Researchers spot suspicious Telnet traffic drop six days before public disclosure of critical vulnerability, suggesting telcos may have received advance warning.
Security researchers are investigating a suspicious drop in global Telnet traffic that occurred six days before the public disclosure of a critical vulnerability, raising questions about whether telecommunications companies received advance warning.
On January 14, Telnet sessions plummeted by 65 percent within one hour and 83 percent within two hours, according to threat intelligence firm GreyNoise. This dramatic decline preceded the January 20 public disclosure of CVE-2026-24061, a decade-old bug in GNU InetUtils telnetd with a critical 9.8 CVSS score that allows trivial root access exploitation.
The timeline that raises eyebrows
The timing is particularly suspicious because the traffic drop was so abrupt and specific. Daily Telnet sessions fell from an average of 914,000 between December 1 and January 14 to around 373,000—a 59 percent decrease that has persisted.
"That kind of step function—propagating within a single hour window—reads as a configuration change on routing infrastructure, not behavioral drift in scanning populations," said GreyNoise's Bob Rudis and "Orbie" in their analysis.
Who was affected and who wasn't
Eighteen operators, including BT, Cox Communications, and Vultr, went from hundreds of thousands of Telnet sessions to zero by January 15. Major cloud providers were mostly unaffected, with some like AWS actually increasing by 78 percent.
This pattern suggests backbone or transit providers may have implemented port 23 filtering on transit links. The researchers noted that cloud providers have extensive private peering at major internet exchange points that bypass traditional transit backbone paths, while residential and enterprise ISPs typically don't.
Geographic patterns support the theory
US residential ISP Telnet traffic dropped during US maintenance window hours, with similar patterns occurring for those relying on transatlantic or transpacific backbone routes. European peering was relatively unaffected, pointing to one or more Tier 1 transit providers in North America implementing the filtering.
The stakes are high
This isn't just about an old protocol. The Telnet vulnerability in question allows trivial root access exploitation, making it extremely dangerous. The fact that filtering remains in place today suggests the threat was taken seriously by those who knew about it first.
Could it be coincidence?
GreyNoise acknowledges that correlation does not equal causation. ISPs have been gradually moving toward filtering legacy insecure protocols for years, particularly after incidents like WannaCry. January 14 could simply have been when someone's change control ticket finally got executed.

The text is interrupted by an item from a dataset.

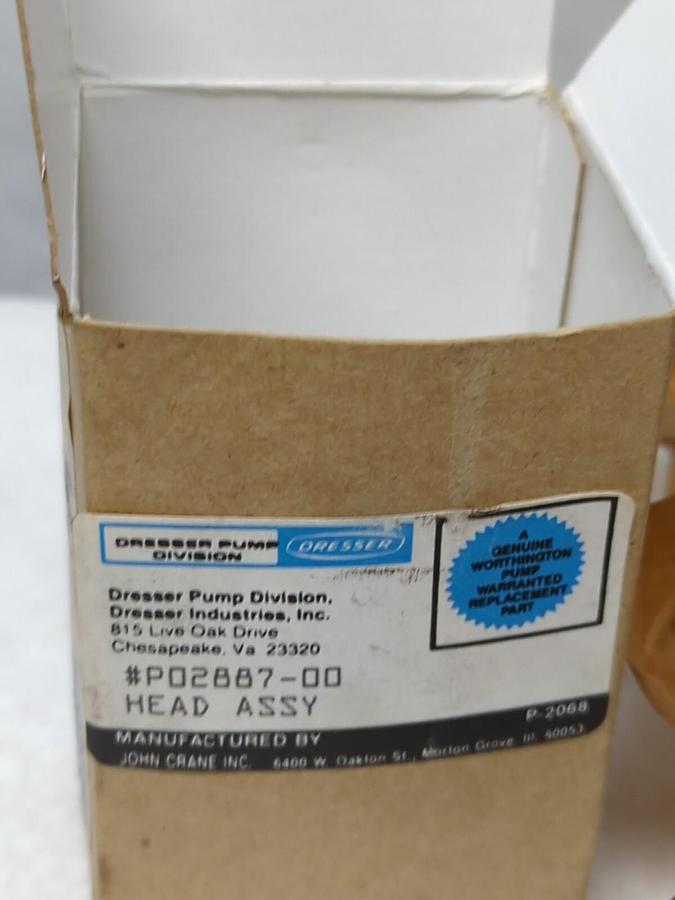 INGERSOLL-DRESSER,P02887,ROTOR JC 1.75 ASSEMBLY A21-1750 NOS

However, the combination of events is striking: a Tier 1 backbone implementing what appears to be port 23 filtering, followed six days later by the disclosure of a trivially exploitable root-access telnet vulnerability, followed four days after that by a CISA Known Exploited Vulnerabilities (KEV) listing.
What this means for security disclosure
If telcos did receive advance warning, it raises serious questions about the security disclosure process. While coordinated disclosure aims to give organizations time to patch vulnerabilities before public disclosure, the practice becomes problematic when it appears to favor certain classes of organizations over others.
The researchers concluded: "We can't prove this. But the combination of events is worth documenting and considering."
The Register has approached some of the telcos mentioned in GreyNoise's report for comment and will update this article if responses are received.

This case highlights the ongoing challenges in vulnerability disclosure and the delicate balance between giving organizations time to protect themselves and ensuring all stakeholders have equal access to critical security information. As legacy protocols like Telnet continue to pose risks, the question of who gets warned first—and why—remains a contentious issue in the cybersecurity community.